The trick: interval training.
While interval training (typically short-bursts of as-intense-as-you-can-handle activity for under a minute, followed by a short period of recovery) has long been part of the training of elite athletes, it has recently become more common among the non-pro athletes among us – and for good reason! Not only will the short bursts of high-intensity activity keep you from succumbing to any sense of boredom by keeping you on your toes (literally), but studies have also shown that exercisers who incorporate intervals can burn up to three times as much body fat as those who do steady training, in the same amount of time.
A study published in The Journal of Physiology actually found that subjects who did high-intensity, short-burst training for 2.5 hours (including rest periods) over a two-week period displayed the same exercise-induced changes as the subjects who did steady endurance training for 10.5 hours over the same two-week period.

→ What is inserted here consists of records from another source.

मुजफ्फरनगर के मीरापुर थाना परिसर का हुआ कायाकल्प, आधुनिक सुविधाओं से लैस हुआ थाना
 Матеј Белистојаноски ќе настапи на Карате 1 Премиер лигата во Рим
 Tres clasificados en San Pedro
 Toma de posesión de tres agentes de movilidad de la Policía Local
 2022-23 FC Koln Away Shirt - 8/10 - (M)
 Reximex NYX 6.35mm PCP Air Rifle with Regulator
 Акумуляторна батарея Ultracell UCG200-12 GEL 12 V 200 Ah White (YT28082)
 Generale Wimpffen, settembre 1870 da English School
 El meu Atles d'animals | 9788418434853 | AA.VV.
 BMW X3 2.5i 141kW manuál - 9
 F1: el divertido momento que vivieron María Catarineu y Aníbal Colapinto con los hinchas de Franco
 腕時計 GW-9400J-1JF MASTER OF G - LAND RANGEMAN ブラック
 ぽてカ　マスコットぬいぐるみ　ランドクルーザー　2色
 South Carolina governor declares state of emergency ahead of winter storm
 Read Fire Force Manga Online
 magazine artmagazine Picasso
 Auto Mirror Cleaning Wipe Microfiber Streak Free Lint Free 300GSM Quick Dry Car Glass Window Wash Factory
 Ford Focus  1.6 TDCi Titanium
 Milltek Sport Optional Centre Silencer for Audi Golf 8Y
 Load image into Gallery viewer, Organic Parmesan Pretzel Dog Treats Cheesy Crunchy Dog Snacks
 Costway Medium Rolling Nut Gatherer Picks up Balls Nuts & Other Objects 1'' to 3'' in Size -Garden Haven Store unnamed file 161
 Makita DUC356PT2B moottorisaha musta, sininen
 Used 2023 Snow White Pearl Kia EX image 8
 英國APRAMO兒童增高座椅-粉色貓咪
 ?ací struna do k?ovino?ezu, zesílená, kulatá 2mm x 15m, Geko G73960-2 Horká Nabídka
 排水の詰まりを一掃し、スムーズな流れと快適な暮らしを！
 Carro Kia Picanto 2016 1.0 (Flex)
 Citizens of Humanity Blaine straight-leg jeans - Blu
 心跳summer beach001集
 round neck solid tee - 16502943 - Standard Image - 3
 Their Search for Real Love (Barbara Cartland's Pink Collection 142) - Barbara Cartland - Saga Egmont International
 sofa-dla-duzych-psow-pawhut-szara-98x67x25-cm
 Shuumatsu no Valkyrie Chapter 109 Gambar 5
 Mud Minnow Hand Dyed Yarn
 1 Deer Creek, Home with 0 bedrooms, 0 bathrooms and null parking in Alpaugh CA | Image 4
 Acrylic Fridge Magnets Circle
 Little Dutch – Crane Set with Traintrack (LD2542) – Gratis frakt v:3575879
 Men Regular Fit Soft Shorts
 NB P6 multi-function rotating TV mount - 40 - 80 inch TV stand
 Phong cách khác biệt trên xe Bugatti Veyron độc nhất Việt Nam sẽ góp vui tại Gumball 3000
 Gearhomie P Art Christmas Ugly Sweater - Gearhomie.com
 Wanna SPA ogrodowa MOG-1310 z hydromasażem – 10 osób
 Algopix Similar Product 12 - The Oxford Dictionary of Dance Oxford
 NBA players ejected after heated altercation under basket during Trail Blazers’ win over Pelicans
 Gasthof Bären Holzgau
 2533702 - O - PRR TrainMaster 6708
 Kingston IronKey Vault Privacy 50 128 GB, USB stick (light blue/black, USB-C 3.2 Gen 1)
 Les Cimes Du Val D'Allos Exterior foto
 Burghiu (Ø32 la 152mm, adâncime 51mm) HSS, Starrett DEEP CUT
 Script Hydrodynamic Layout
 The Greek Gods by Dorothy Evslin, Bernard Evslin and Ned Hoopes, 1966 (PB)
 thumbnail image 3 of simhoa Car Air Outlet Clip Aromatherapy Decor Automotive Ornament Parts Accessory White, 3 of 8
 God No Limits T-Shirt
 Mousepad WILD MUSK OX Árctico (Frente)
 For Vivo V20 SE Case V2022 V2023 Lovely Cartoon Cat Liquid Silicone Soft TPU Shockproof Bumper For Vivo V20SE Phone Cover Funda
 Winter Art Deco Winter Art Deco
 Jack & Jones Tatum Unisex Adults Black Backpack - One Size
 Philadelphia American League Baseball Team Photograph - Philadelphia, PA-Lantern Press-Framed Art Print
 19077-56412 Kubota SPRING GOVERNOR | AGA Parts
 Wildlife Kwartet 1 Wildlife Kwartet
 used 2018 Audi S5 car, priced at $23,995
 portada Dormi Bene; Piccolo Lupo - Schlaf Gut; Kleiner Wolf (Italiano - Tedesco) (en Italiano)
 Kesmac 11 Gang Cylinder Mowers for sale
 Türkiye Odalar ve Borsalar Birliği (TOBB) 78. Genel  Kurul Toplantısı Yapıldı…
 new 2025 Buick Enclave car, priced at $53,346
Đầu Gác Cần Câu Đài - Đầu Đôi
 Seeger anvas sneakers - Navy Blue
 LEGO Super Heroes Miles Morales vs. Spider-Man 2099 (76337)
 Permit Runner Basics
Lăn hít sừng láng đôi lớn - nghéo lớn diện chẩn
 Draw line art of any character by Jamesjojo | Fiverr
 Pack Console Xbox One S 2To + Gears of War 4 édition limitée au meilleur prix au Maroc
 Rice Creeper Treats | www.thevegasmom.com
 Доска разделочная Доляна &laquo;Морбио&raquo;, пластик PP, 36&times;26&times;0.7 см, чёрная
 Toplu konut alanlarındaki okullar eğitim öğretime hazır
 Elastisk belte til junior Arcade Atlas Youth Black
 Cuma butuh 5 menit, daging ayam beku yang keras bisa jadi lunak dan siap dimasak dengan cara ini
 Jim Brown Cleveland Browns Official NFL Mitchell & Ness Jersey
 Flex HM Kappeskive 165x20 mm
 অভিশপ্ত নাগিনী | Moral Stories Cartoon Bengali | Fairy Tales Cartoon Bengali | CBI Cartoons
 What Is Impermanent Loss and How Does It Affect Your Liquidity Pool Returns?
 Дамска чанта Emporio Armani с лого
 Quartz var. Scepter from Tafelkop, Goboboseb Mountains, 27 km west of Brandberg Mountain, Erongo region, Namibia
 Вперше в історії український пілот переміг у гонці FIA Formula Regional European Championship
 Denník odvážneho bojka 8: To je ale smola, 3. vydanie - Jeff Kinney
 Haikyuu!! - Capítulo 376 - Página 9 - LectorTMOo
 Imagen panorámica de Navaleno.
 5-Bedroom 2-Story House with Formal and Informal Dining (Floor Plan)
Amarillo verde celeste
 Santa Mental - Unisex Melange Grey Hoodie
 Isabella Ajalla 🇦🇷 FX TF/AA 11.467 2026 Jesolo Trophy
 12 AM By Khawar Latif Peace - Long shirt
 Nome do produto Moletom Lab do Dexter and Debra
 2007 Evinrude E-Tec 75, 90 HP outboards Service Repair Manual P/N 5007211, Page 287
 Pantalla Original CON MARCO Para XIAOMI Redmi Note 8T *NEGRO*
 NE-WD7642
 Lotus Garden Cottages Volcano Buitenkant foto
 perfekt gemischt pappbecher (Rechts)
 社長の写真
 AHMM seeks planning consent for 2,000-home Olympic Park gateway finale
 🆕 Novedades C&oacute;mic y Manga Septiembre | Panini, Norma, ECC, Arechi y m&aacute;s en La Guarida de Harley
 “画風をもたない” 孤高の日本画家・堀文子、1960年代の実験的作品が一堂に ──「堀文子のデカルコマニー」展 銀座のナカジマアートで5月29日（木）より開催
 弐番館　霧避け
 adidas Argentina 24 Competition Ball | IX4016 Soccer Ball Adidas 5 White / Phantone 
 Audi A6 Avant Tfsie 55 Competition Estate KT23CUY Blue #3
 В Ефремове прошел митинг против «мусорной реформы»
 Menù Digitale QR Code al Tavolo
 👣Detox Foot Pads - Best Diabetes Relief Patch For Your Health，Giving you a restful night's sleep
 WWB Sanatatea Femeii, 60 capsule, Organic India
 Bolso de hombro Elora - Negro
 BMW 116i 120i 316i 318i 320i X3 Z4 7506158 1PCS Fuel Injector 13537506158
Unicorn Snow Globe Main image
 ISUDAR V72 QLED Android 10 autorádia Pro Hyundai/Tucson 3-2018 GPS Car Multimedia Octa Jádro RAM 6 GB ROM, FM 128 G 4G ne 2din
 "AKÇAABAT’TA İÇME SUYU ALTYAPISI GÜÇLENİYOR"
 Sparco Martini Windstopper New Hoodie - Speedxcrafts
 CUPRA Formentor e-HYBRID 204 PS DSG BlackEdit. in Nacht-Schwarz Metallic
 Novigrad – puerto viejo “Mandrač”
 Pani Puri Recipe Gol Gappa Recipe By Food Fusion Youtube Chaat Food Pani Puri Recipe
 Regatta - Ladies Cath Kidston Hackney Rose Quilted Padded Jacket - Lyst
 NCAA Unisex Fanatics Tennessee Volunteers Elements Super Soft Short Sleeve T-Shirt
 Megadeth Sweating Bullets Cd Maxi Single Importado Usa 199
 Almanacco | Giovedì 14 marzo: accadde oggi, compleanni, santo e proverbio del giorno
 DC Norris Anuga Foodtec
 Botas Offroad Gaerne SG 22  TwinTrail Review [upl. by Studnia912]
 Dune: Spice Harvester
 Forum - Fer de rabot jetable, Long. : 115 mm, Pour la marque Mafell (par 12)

Fitness expert, Lacey Stone, calls interval training “one of the most effective training systems in the world today” and it is the way she instructs all of her clients. As Lacey explains, “intervals disrupt your body’s stasis, preventing it from settling into a state of comfort. Your body works a lot harder trying to catch up, thereby helping you to crush body fat, gain muscles and still maintain a lean body.”
So, where do you start? Whether you’re training on a treadmill, running on the road, biking, on the stairmaster, in the pool or even on the elliptical, begin by incorporating short-burst, can’t-talk sprints into your fitness routine. Start with 30-second intervals that take you out of your comfort zone, followed by a 1-minute period of recovery (either by decreasing your pace or even stopping). As your fitness level improves, challenge yourself more by slowly increasing the amount of time at your highest-intensity, gradually decreasing your recovery time, and increasing the number of repetitions you do.
Just remember: just because you’ll accomplish more, in less time, this shouldn’t feel like an easy-way-out. Those intervals should hurt – a lot.